- Exercise requirements -
Would you reproduce exactly the lines below from the one holding "Kia Rio Sol A045777 Kapı Kilit" through the one holding "Trang truyện page_9", inclusive, and no others?

- Supplied information -
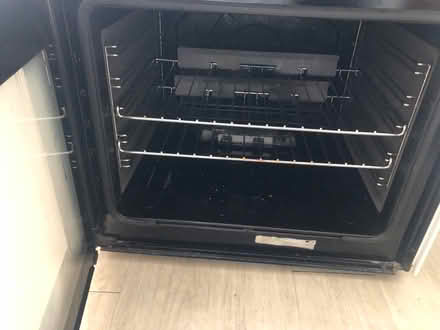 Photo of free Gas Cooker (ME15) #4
* * *
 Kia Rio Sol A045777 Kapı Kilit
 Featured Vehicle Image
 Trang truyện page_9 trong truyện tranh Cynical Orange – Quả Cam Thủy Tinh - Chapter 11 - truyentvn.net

- Problem solution -
 Kia Rio Sol A045777 Kapı Kilit
 Featured Vehicle Image
 Trang truyện page_9 trong truyện tranh Cynical Orange – Quả Cam Thủy Tinh - Chapter 11 - truyentvn.net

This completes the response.